1
EXHIBIT 10.03
[Confidential Treatment Requested]
SETTLEMENT, CONSULTING AND RELEASE AGREEMENT
This Settlement and Release Agreement (hereafter "Settlement Agreement")
is made as of the date of execution set forth below, by and between Xxxxxx
Xxxxxxx ("Xx. Xxxxxxx") and Worldtalk Communications Corporation, doing business
as Worldtalk Communications Corporation ("Worldtalk") (jointly referred to as
the "Parties").
RECITALS
WHEREAS, Xx. Xxxxxxx was employed by Worldtalk since October 17, 1994,
and currently holds the position of Vice President, Engineering.
WHEREAS, Xx. Xxxxxxx and Worldtalk now desire to discontinue the
employment relationship between them.
NOW, THEREFORE, for and in consideration of the mutual promises
contained herein, the Parties agree as follows:
1. Xx. Xxxxxxx has submitted his resignation as an employee of Worldtalk
and from all other positions at Worldtalk, and Worldtalk has accepted such
resignation, effective July 14, 1997. Xx. Xxxxxxx affirms and acknowledges that
he has received payment for all salary, bonuses, and other compensation,
including accrued but unused vacation, owed to him as of July 14, 1997. Xx.

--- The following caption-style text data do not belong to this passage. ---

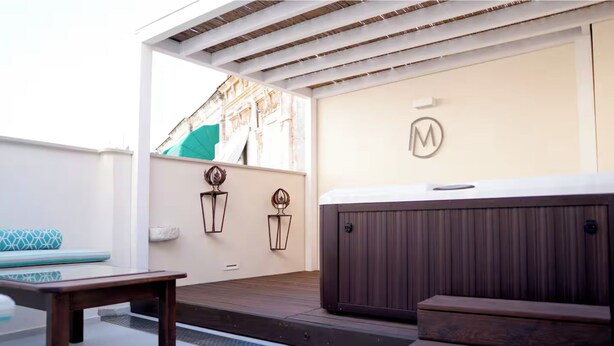 Uma área de pátio com mesa de madeira, um banco e uma banheira de hidromassagem. Há arandelas decorativas e um logotipo na parede.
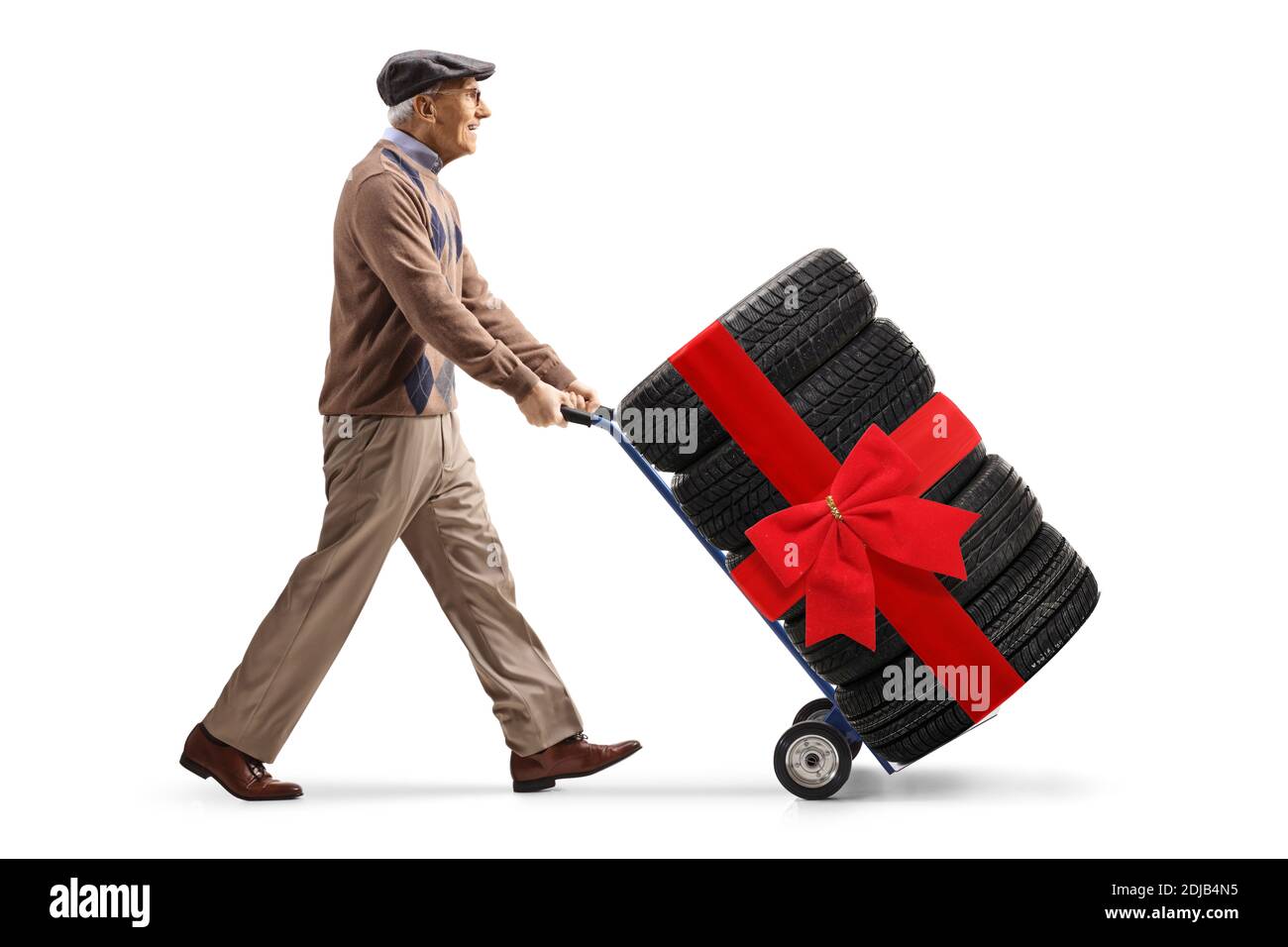 Full length profile shot of an elderly man pushing car tires with a red bow on a hand truck isolated on white background Stock Photo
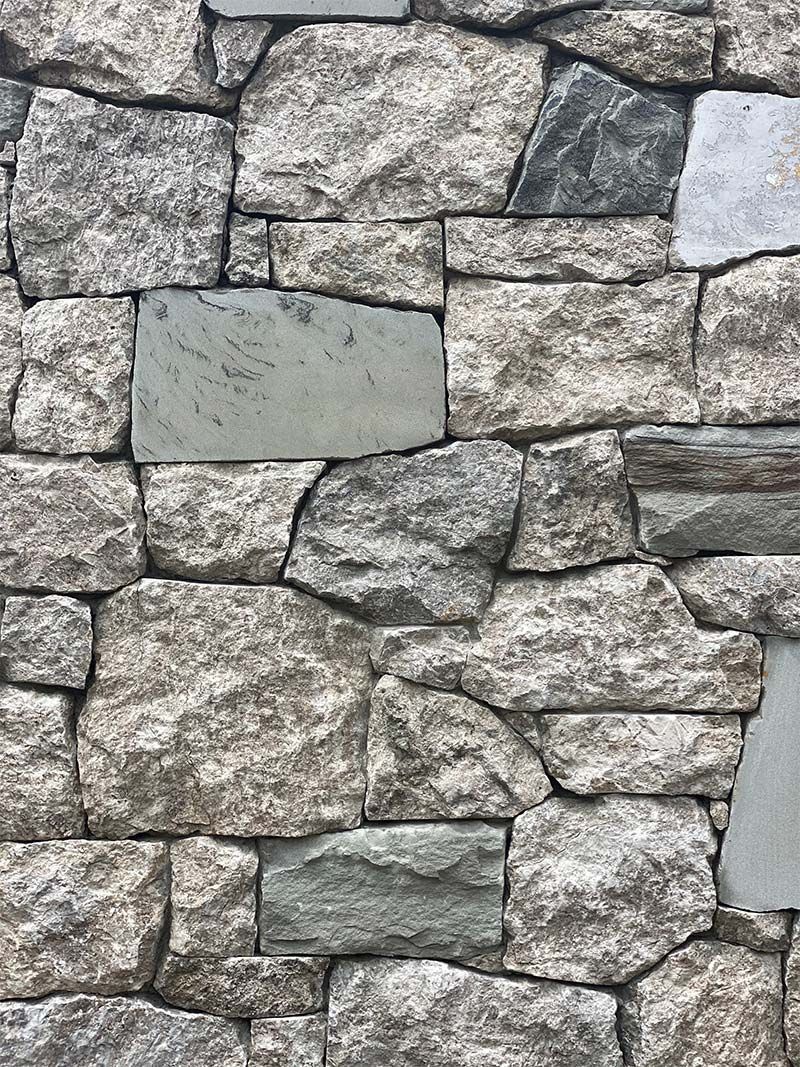 A close up of a stone wall made of different types of rocks.
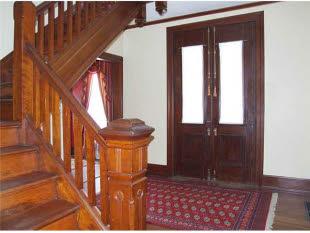Foyer with cherry staircase
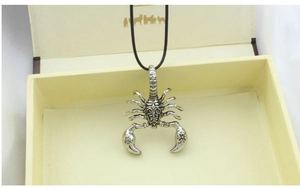 Macro shot of silver scorpion pendant with vintage punk details on a black cord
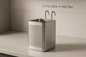 A sleek stainless steel kitchen utensil holder with a perforated design displayed on a modern kitchen countertop, embodying the premium Kitchen + Metal aesthetic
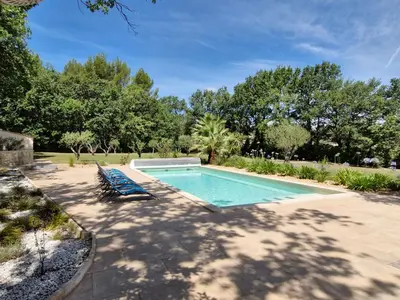 a swimming pool with two lounge chairs in a yard at Mas Libertino - Villa avec piscine & jacuzzi in Pernes-les-Fontaines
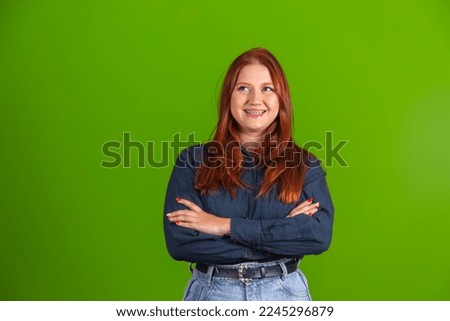 young redhead woman with arms crossed smiling with free space for text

Xxxxxxx acknowledges that Worldtalk has fully paid on a timely basis all amounts
owed to him as of July 14, 1997.
2. As consideration for the promises herein, Worldtalk agrees as
follows:
(a) Worldtalk will engage Xx. Xxxxxxx as a Consultant through [ ** ].
From July 15, 1996 through [ ** ], (the First Period), Xx. Xxxxxxx will perform
such consulting services, consisting of no more than 5 hours per week, in the
area of his expertise as are reasonably requested in writing by Worldtalk's
President. For his services during the First Period, Xx. Xxxxxxx will receive
consulting fees equal to [ ** ] semi-monthly (subject to reduction due to
applicable tax and other normal payroll withholdings), paid on the 8th and the
22nd of each month. Worldtalk will continue to employ Xx. Xxxxxxx
[**Confidential treatment has been requested with respect to certain portions of
this Exhibit. Confidential portions have been omitted from the public filing and
have been filed separately with the Securities and Exchange Commission. ]
2
as a consultant in the area of his expertise from [ ** ] through [ ** ] (the
Second Period) at an hourly rate of [ ** ]/hour, payable for actual hours worked
at the written request of Worldtalk's President, payable in each case,
semi-monthly as earned. However, Xx. Xxxxxxx will not be obligated to work more
than 5 hours in any one calendar week during the Second Period, and will be
obligated to work only at such times and places as shall not interfere with his
then current employment, if any.
(b) Xx. Xxxxxxx may terminate his relationship with Worldtalk at any
time by sending written notice of termination to a Worldtalk Officer. Worldtalk
may likewise terminate Xx. Xxxxxxx'x relationship, but only subsequent to a
material breach of this Agreement by Xx. Xxxxxxx that is not cured by Xx.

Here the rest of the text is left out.